- Activity: Search the listing below for the line with "ปกนิยาย Beauty and", then write out that line and every one after it exactly, without the pictures.

- Dataset extract:
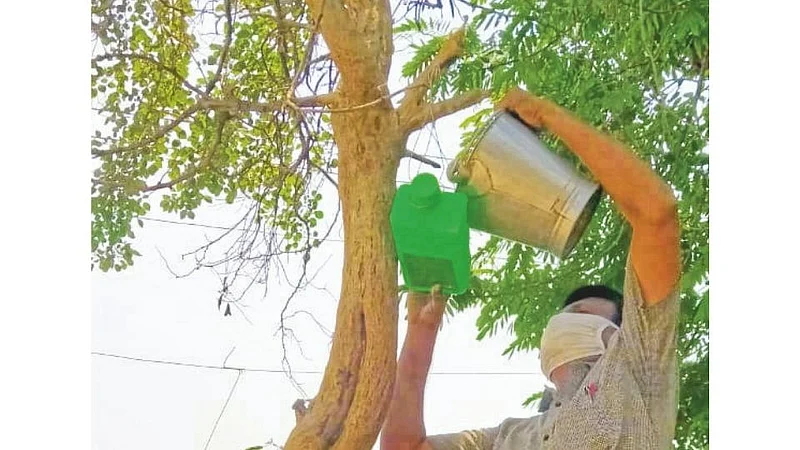 The concept of a water pot for birds Nagpur rural news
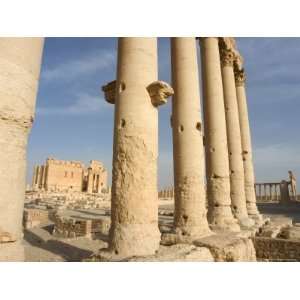  Temple of Bel, Archaelogical Ruins, Palmyra, Unesco World 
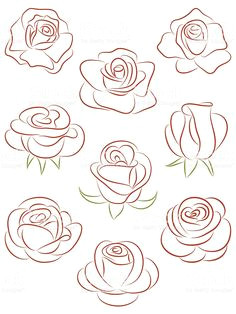 set of roses vector illustration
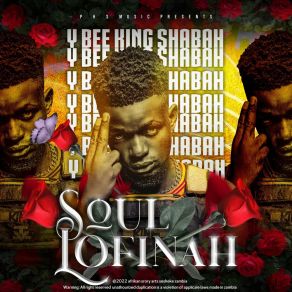 Download track Beautiful Babe Ybee King ShabahDizmo, J. O. B. Nichikali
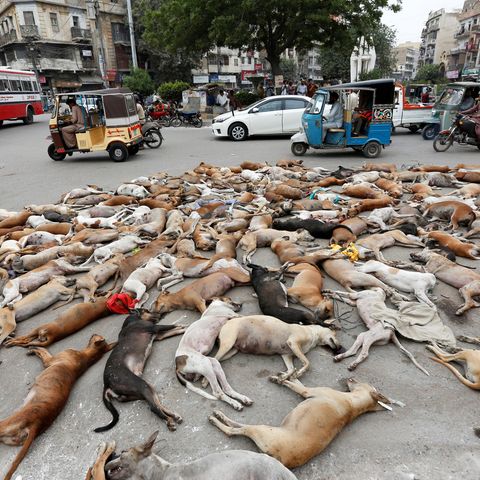 Das Bild der Nachrichtenagentur Reuters zeigt vergiftete Hunde in Pakistan und nicht in Russland 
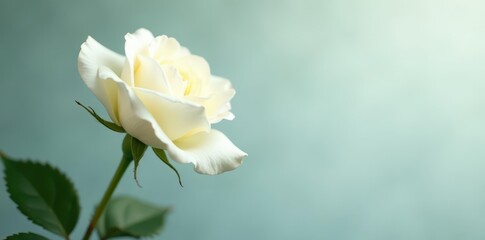 Obraz premium Solitary white rose, delicate petals, soft light background, nature, elegance, close-up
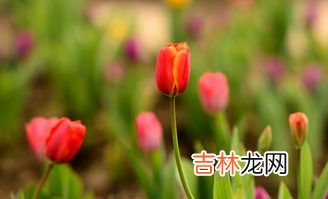 郁金香的花语,郁金香的花语是什么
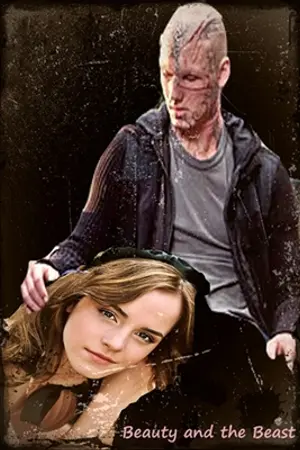 ปกนิยาย Beauty and the beast ฉบับ เดรโก มัลฟอยและเฮอร์ไมโอนี่ เกรนเจอร์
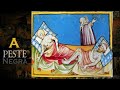 Peste Bubônica: Fatos e Sintomas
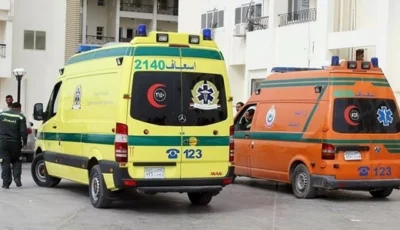 مأساة أسرية تهز قرية مصرية.. زوج يقتل زوجته أمام طفليه  – أخبار السعودية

- Your solution:
 ปกนิยาย Beauty and the beast ฉบับ เดรโก มัลฟอยและเฮอร์ไมโอนี่ เกรนเจอร์
 Peste Bubônica: Fatos e Sintomas
 مأساة أسرية تهز قرية مصرية.. زوج يقتل زوجته أمام طفليه  – أخبار السعودية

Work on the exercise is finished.